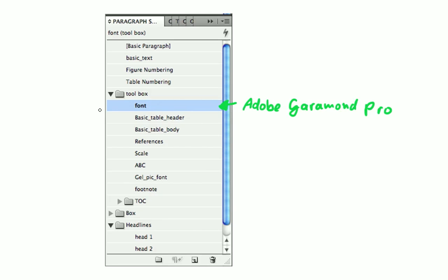All our paragraph styles are based on the paragraph style font. So if you would change the font in this paragraph style, it would apply the changes to all the other paragraph styles as well. We are going to see this in just a second.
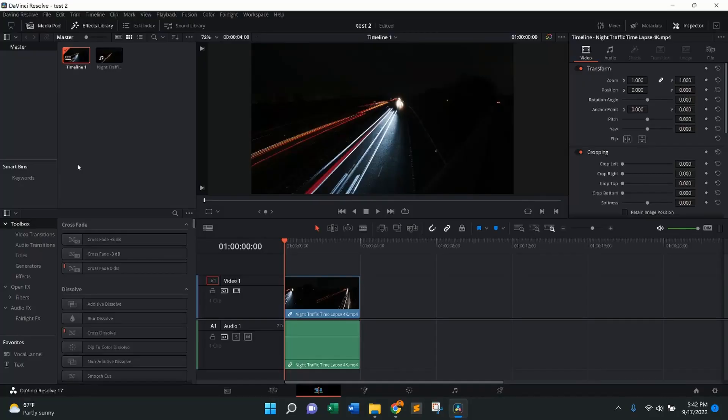Hi everybody, welcome back to How To With Matt. Today's How To is how to add rolling end credits in your video in DaVinci Resolve.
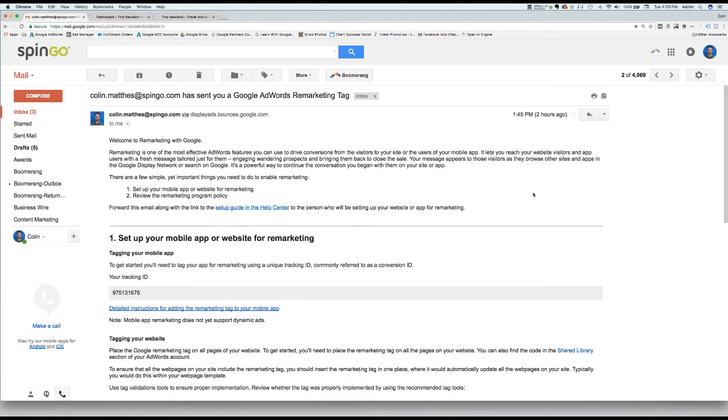Hello and welcome to the instructional video on how to install the Google Remarketing Code onto your WordPress site. Today, I am going to show you how to correctly install the Google Remarketing Code onto your site in five easy steps.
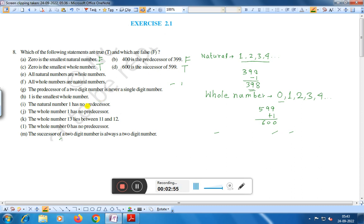Statement E: All natural numbers are whole numbers. Natural numbers are 1, 2, 3, 4, and whole numbers include 0, 1, 2, 3, 4. All natural numbers are included in whole numbers, so this statement is true.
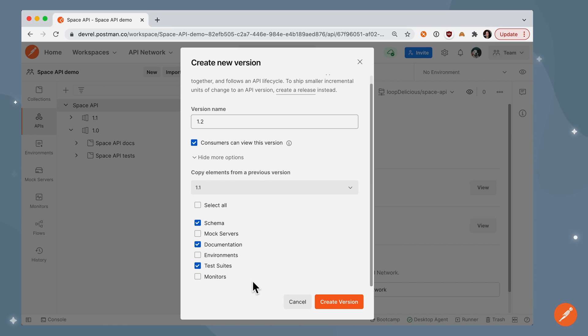So I'm going to carry over three elements: schema, documentation, and test suites over to my new version 1.2.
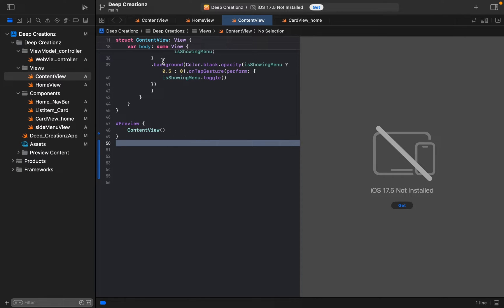Hello guys, welcome back to Jamie Tech. In today's video we are going to install iOS 17.5 simulator for Xcode.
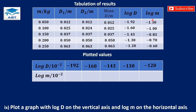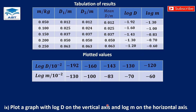For the values of log m, we also move the decimal point 1-2 places, and the first value becomes negative 130 times 10 exponent negative 2. The next values are negative 100, negative 83, negative 70, and negative 60. We will now plot these values on the graph.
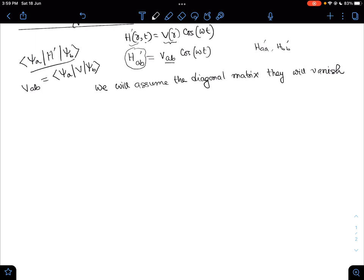To first order, our C_B(t) is given by: C_B(t) = (-i/ℏ) ∫₀ᵗ V_BA cos(ωt') e^(iω₀t') dt'.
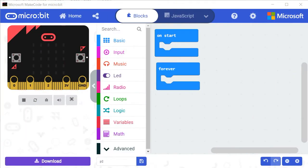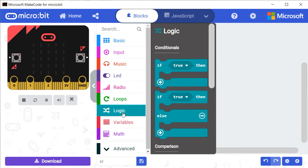Grade 4 MakeCode for Microbit, Lesson 5. The objective of this lesson is to learn how to use the block IF to control the action of your Microbit microcontroller.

● ● ● ●

May I have only the lines from the start of the data through the line containing "Hi everybody, welcome", both included, reproduced exactly and without the pictures?

#### [Task answer]
All our paragraph styles are based on the paragraph style font. So if you would change the font in this paragraph style, it would apply the changes to all the other paragraph styles as well. We are going to see this in just a second.
Hi everybody, welcome back to How To With Matt. Today's How To is how to add rolling end credits in your video in DaVinci Resolve.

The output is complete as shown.